Thursday morning I packed up my belongings and left the Nesvig's home. The night's rest helped me recover from my crushing Farkel blow the evening before.

I drove into St. Paul and left my truck in a park to explore the city on bike. I know this sounds a lot like yesterday's post, but rather in the other twin city. However, I assure you that yes it was pretty much exactly the same, except for the fact that I had a Chipotle burrito for lunch making the day totally different.

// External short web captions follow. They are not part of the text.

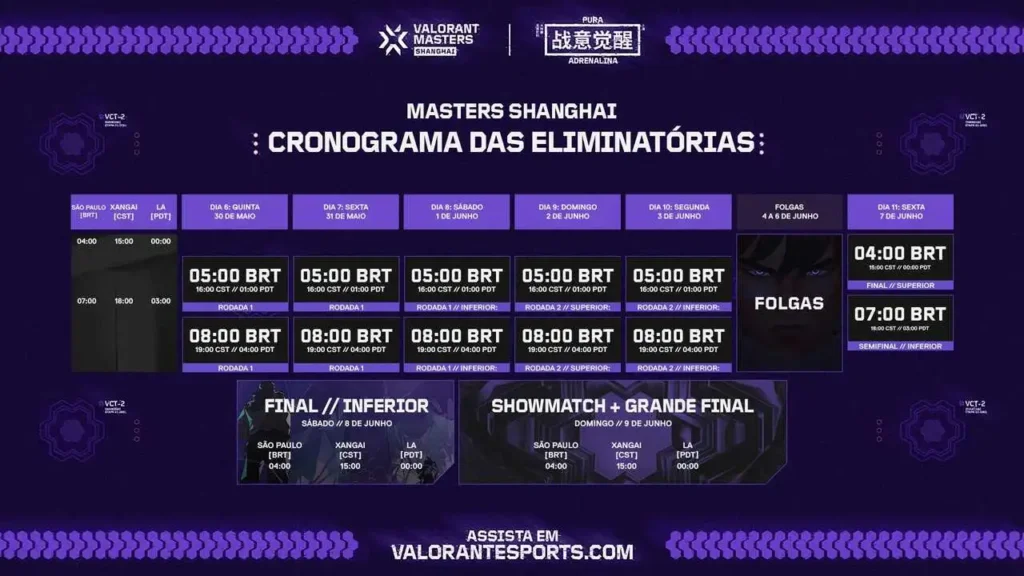 Data e horário dos jogos dos playoffs do Masters Shanghai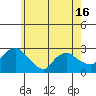Tylerville tide chart for Sunday, May 16, 2021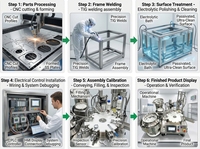 Machine de remplissage et de scellage entièrement automatique pour micro-liquides, à buse unique, pour flacons de 1 à 50 µL, idéale pour la distribution de réactifs de laboratoire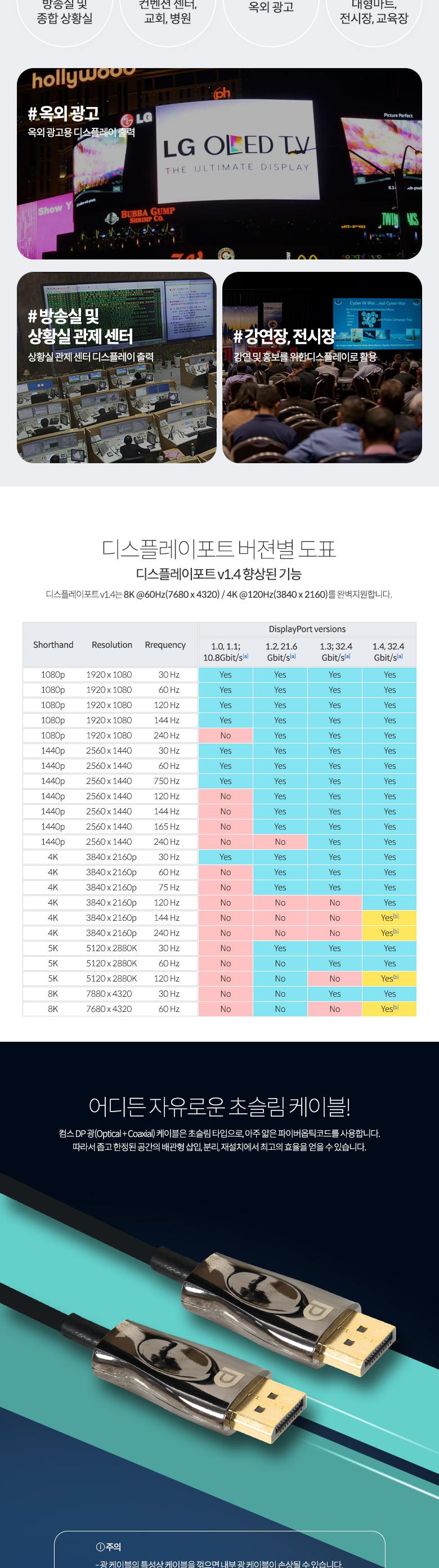 Coms 디스플레이포트 광 리피터 케이블 8K 60Hz 100M/케이블/광케이블/디스플레이포트광케이블/하이브리드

After reading on the river for a while and conversing with some new friends, I packed up and headed down to Cannon Falls to stay with Andrew Holloway and his wife Stephanie. Andrew and I played football together at PLU, Stephanie didn't quite make the team. It was much fun to hang out and laugh at stupid things and eat good food. Some of the simple joys of my visit came from the stories these two west coasters had about their adjustment to Midwest life. Tatertot hot dish anyone? And from dubunking Waterworld. Here's our criteria: 1) You'd think that if it took hundreds (thousands?) of years for the earth to turn into an ocean, in that time wouldn't all the inhabitants of Waterworld lose their southern accents. 2) If the Earth is all water, why is everybody so dirty all the time? I'm sure the conversation is open to suggestions and theories.



St. Paul from that park I left my truck at.